Commit 6d07a2a
committed
metal: memory and correctness cleanup in gfx/drivers/metal.m
Five related fixes in the Metal driver, grouped together because
they're all narrow, independent, and touch the same file:
1. Fix byte offset in MetalRaster.updateGlyph didModifyRange:
The managed-storage buffer invalidation for incremental glyph
uploads was passing the row index as the byte offset rather than
row * stride. Length was correctly in bytes (height * _stride),
so the invalidated range described bytes
[row_index .. row_index + height*_stride), which almost never
overlapped the actually-modified rows. On managed-storage devices
this can leave recently-drawn glyphs invisible to the GPU until
the atlas is invalidated by some other path.
Every other didModifyRange: call site in this file uses a byte
range; aligning this one matches the convention. No behavioural
change on shared-storage / Cocoa Touch.
2. Stream screenshot read-back one row at a time
Context.readBackBuffer: malloced a full-frame BGRA copy of the
whole backbuffer, getBytes:'d into it, then converted BGRA->BGR
into the caller's buffer row by row. For a 4K capture that is
~32 MiB of transient heap per screenshot.
Restructure to getBytes: one row at a time directly into a small
scratch buffer (stack up to 16K-wide, heap fallback beyond),
then convert in place. Peak transient footprint drops from
~32 MiB to ~16 KiB. Also narrows the getBytes: source region to
the viewport Y range instead of reading the whole backbuffer
and discarding rows above and below.
3. Unify font atlas upload paths
MetalRaster init had two branches: a "fast path" using
newBufferWithBytes:length:options: when stride matched atlas
width, and a row memcpy loop when it did not. Both copied the
atlas exactly once, and the fast path carried a workaround
comment noting that newBufferWithBytes: does not correctly
invalidate the buffer on macOS, forcing a manual
didModifyRange: anyway. That made the two paths behaviourally
identical.
Collapse both to a single newBufferWithLength: + .contents
fill, with a whole-buffer memcpy when stride matches width
and a row memcpy loop otherwise. One code path, one
invalidation site, no change in allocated memory or copies.
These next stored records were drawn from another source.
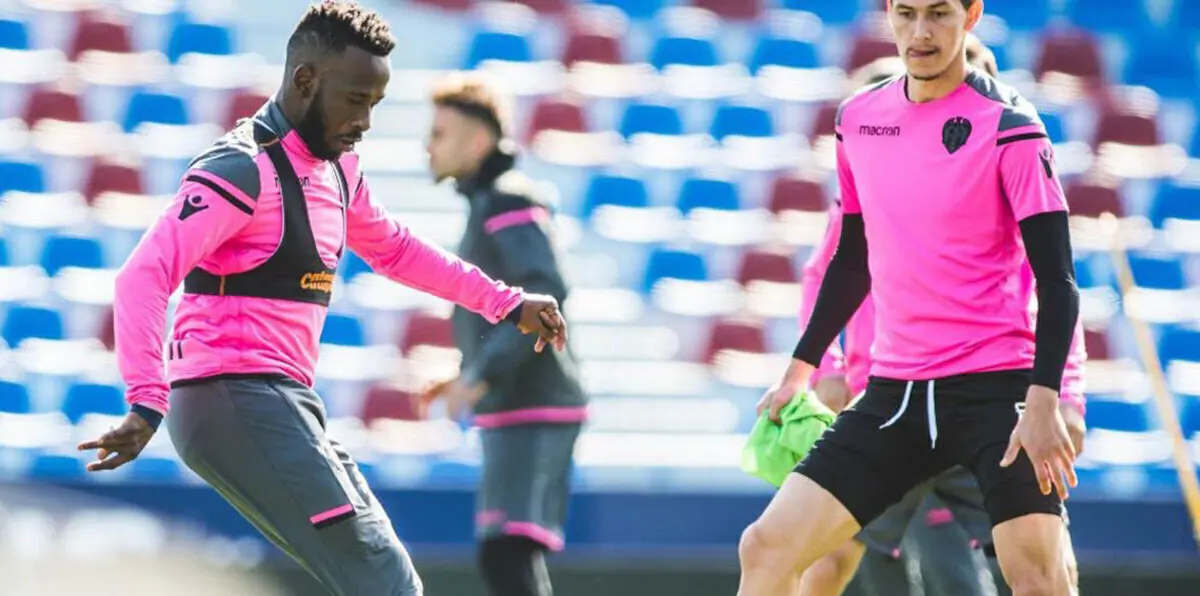 فهد المولد ينضم لقائمة مباراة ليفانتي وإسبانيول.. واستمرار غياب باقي اللاعبين السعوديين عن فرقهم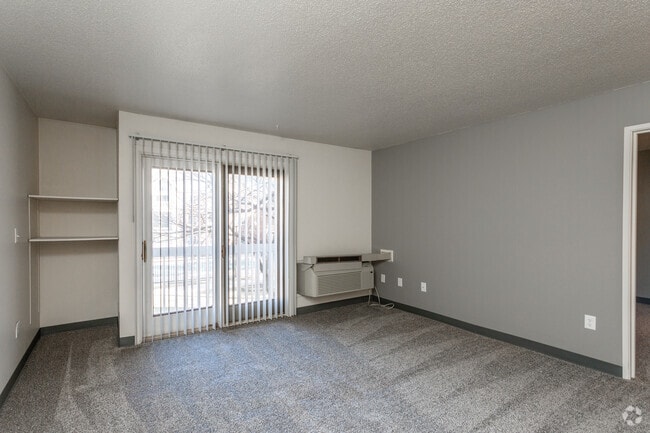 1BR Dlx Remodeled - Living Room - Old Main & Drake Apartments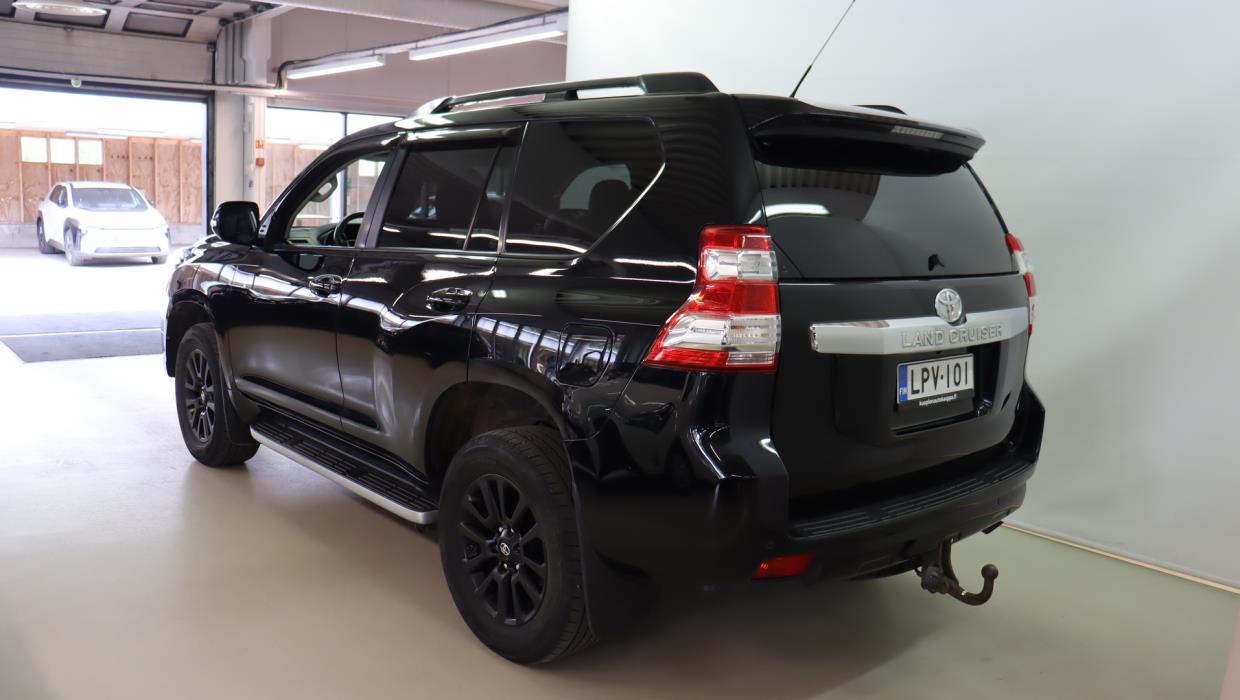 TOYOTA Land Cruiser 2017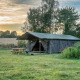 Safari-teltet Tent house med privat bruser ved siden af teltet på Feather Down La Ferme de Fontenille i Spanien.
4. Bound BufferChain memory and clear stale per-node allocated
BufferChain grew monotonically: allocRange: appended a new node
whenever a request exceeded the current node's remaining space,
but discard only reset the head pointer and offset. Backing
nodes were never freed, so a single oversized allocation (heavy
shader pass, one-off geometry spike, content switch to a larger
resolution or shader chain) kept its node alive for the lifetime
of the driver, retained across all CHAIN_LENGTH chains.
Steady-state retention was therefore the all-time high-water
mark * CHAIN_LENGTH.
Trim the tail at discard: find the last node with allocated > 0
and drop nodes after it. Nodes are appended in alloc order and
allocRange: only advances forward, so a trailing unused node
means the whole tail is unused and safe to drop. Interior
unused nodes are kept (waste bounded by _blockLen per node;
they will be reused by smaller allocs on the next cycle).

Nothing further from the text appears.